From American Epoch, A History of the United States Since the 1890s, Arthur S Link, William B. Catton, 1955, 1963, 1965, 1966, Alfred A Knopf, Inc., publisher, cc# 83-12398, Part III: Second World War and Uncertain Peace Chapter 23 The Second World War: The American Home Front [Section] 178. Mobilizing Manpower for War
[...] All told, draft boards registered some 31,000,000 men, of whom 9,867,707 were inducted into service. Including volunteers, a total of 15,145,115 men and women served in the armed services before the end of the war - [...]
[Section] 183. The Greatest Tax Bill in History
Americans accustomed to normal federal expenditures of about $8,000,000,000 annually during the 1930's found it difficult to comprehend the magnitude of federal spending during the Second World War. Federal expenditures aggregated $321,212,605,000 from 1941 to 1945. [...]
It was, as the President [FDR] said, "the greatest tax bill in American history," designed to raise more than $7,000,000,000 in additional revenue annually, a sum exceeding total federal revenues in any peacetime year before 1941. The measure increased the combined corporate income tax to a maximum of 40 per cent, raised the excess profits tax to a flat 90 per cent, and provided for a postwar refund of 10 per cent of excess profits paid. [...]

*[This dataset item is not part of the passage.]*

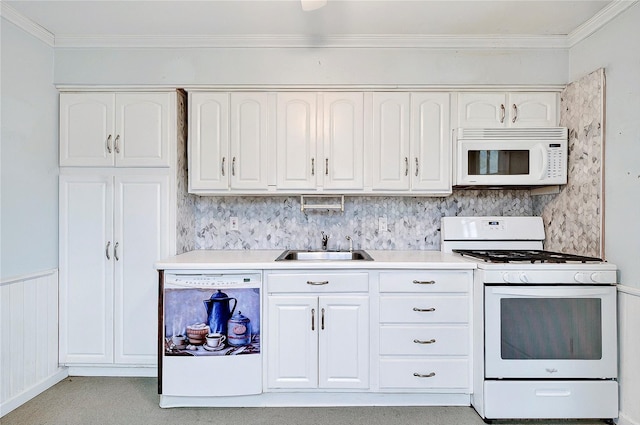 kitchen with white appliances, a sink, crown molding, white cabinets, and light countertops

In retrospect, perhaps the most significant aspect of the tax program from 1941 to 1945 was the way it reflected the nation's conviction that a war for survival should not become a war for the enrichment of the few. There could be no "swollen fortunes" when the federal [graduated] income tax reached a maximum of 94% of total net income, to say nothing of state income and local property taxes. Indeed, the nation's top 5 per cent of income receivers suffered their severest relative economic losses in the history of the country during this period. Their share of the disposable income declined from 25.7 percent in 1940 to 15.9 per cent in 1944. And with an excess profits tax of 95% and corporation income taxes reaching a maximum of [a later] 50 per cent, there were few cases of "swollen profits." Net corporation income was $9,400,000,000 in 1941 and 1942, increased slightly in 1943 and 1944, and fell back again to $8,500,000,000 in 1945. Dividends increased hardly at all during the same period.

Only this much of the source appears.